For over a decade, University students have known the name Professor Ellen Fireman through Statistics 100. The course has fulfilled thousands of students’ general education requirements and has stood as a cornerstone class for underclassmen. For the first time since 2000, Professor Fireman will be stepping down from the classroom’s podium in Lincoln Hall Theater.
Next semester, she will be moving on from Statistics 100, which she refers to as “her baby,” to co-create a new course with John Marden, professor emeritus in Statistics.
“I’ve always wanted to teach a follow-up course to Stat 100,” Fireman said. “I want to take students to the next level so they can apply the statistical ideas to a wider range of problems, but still retain the same focus on understanding,”
The class will be called Statistics 200 next semester and will be an invitation-only trial course. After the trial period, which typically runs for one semester, the course will likely be called Statistics 250, and more students will be able to take the course, Fireman said.
All the materials for the course will be free, according to Fireman. She is also writing the workbook for the course — as she did for Statistics 100 — and Marden is writing an online textbook that students can use free of charge.
Fireman taught the course for the first time when she was a graduate student in 1984 at the University. Since then, Fireman said she has had many unique experiences with her students. Years ago, as she did a long calculation on the board, she told her class, “Follow me, and tell me if I make any mistakes.”
Two weeks later, a student approached her as she walked from the library to Wright Street to get lunch and claimed she had found her flaw.
“So do you really want to know your mistakes?” The student asked. “You talk to yourself out loud and with your hands. People might think you’re crazy.”
She then asked if she could have extra credit for her efforts.
Despite incidents such as this, Fireman said her most memorable experiences teaching Statistics 100 has come from the impact she has on her students.
“(It is memorable) when students tell me how Stat 100 has influenced their thinking,” she said. “I’ve heard students say that they don’t read the newspaper the same way. They no longer jump to conclusions.”
She also enjoys seeing the “ah-ha” moment when students understand a concept. She said she wants to give students the power to analyze arguments and make decisions for themselves instead of relying on experts.
Fireman’s students agree that she works hard to keep the class engaged and apply statistics to real-world situations.
“I was shocked that a statistics course could be so engaging,” said Jackie Capron, former student and current teaching assistant for Fireman. “Her lectures came alive, and she made stats seem important.”
Another quality of Fireman’s Statistics 100 class that students enjoy is how it makes them think outside the box.
“She really taught all of us to view the world in a completely different way,” said Jesse Favre, former student and former teaching assistant for Fireman. “I still think about what I learned in Stat 100.”
Wanting the best teaching staff for her students, Fireman said she hand-picks former students as her teaching assistants for Statistics 100.
“In the past, it was hard to find TAs who understood the material and really wanted to teach it,” she said. “Thanks to many wonderful undergrad assistants and some excellent dedicated grad students, that problem has been solved.”
Capron and Favre said they have enjoyed working with Fireman.
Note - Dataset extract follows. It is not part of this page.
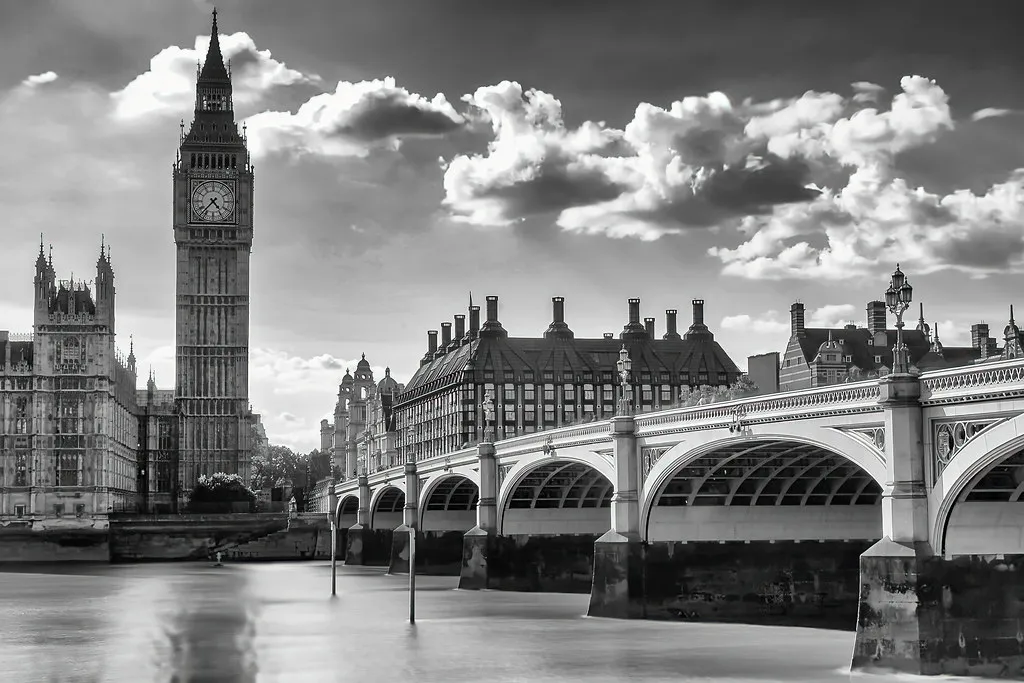 Westminster Bridge: A Moment Where Both Sides Deliver (treeman10000, Flickr, CC BY 2.0)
Favre said one of her favorite memories is getting together with Fireman and her other TAs to do grading sessions. Favre said she is allergic to cheese, so Fireman would make sure to get a cheese-less pizza for her.
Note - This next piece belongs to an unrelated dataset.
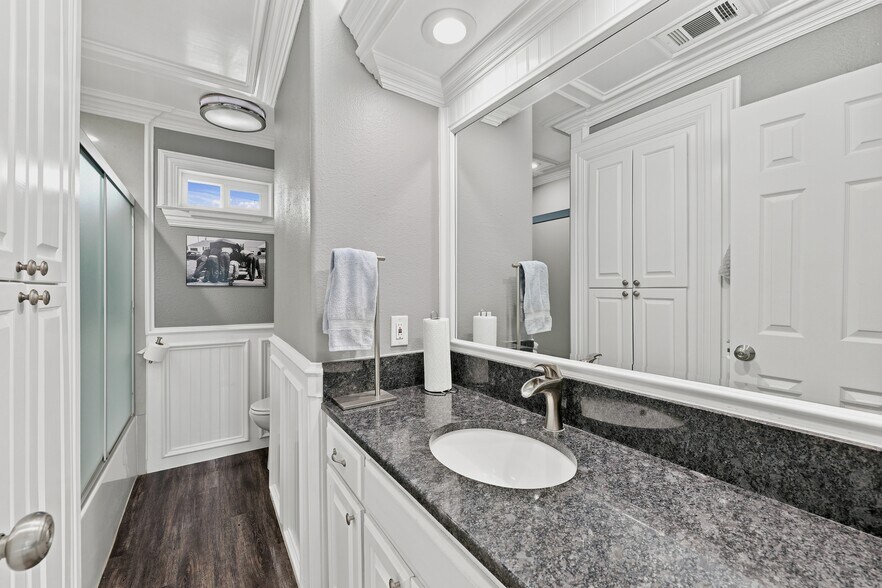 More Photos Of 2632 Howell Dr, Venus Land For Sale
“She made something boring feel like we were at a party,” Favre said. “She wanted to make sure we all had a positive experience.”
Bianca Doherty, another former student and teaching assistant of Fireman’s, said she appreciates the professor’s attitude and perspective.
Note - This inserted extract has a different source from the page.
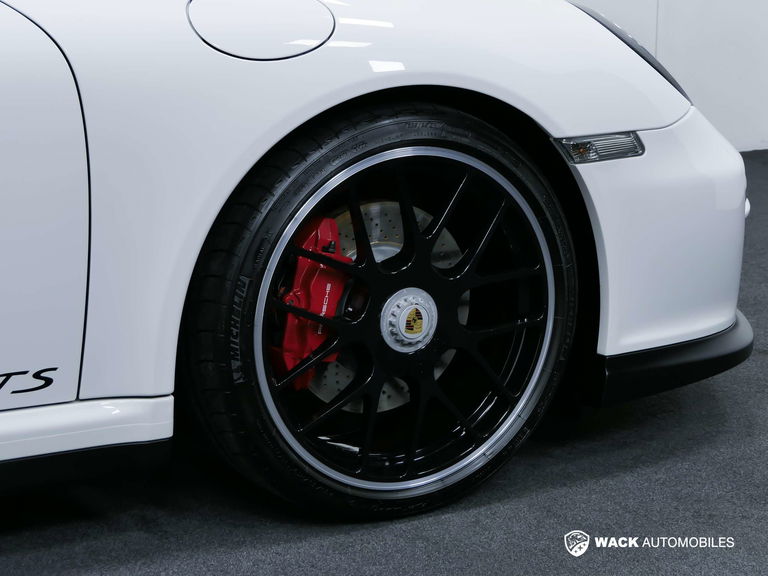 Porsche 997.2 Carrera GTS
“(I admire) her overall passion for life and everything she does,” Doherty said. “She’s never afraid to be herself, and she lets her personality shine through.”
Besides the struggle to find teaching assistants that fit the class well, another obstacle Fireman said she faces as a professor is the lack of space. Fireman does not have her own office, and said she has had trouble finding a place to meet with students. She recalled a time when she had to hold a review session on the Quad.
“Fortunately, the weather was great,” she said.
Although Fireman has been a professor for 21 years, she started her teaching experience as a pre-school teacher.
“Little kids are filled with a sense of wonder,” she said.
She had also worked with middle school and high school students before becoming a professor, as well as teaching her mother math.
University students have already begun to show she will be missed. On Tuesday night, Fireman gave a lecture in the Illini Union Ballroom after students voted to hear from her one last time before graduation, according to the University’s calendar event page. She shared her own interesting life lessons, including scandalous jokes and important facts and tips for success in not becoming just “another statistic.”
Though Fireman is exploring her new course, she said she will still be involved in Statistics 100.
Fireman said she is planning on being involved in writing the exams next semester and may even teach the class again someday in the future. However, she said she is confident that the people teaching the course next year — instructors Karle Laska and Uma Ravat — will do it justice.
“I couldn’t bear to leave Stat 100, my baby, until I was sure that it was in good hands and strong enough to survive without me,” Fireman said. “It’s a special course, and I needed to find special teachers and special teaching tools to make sure it would survive after I’ve left.”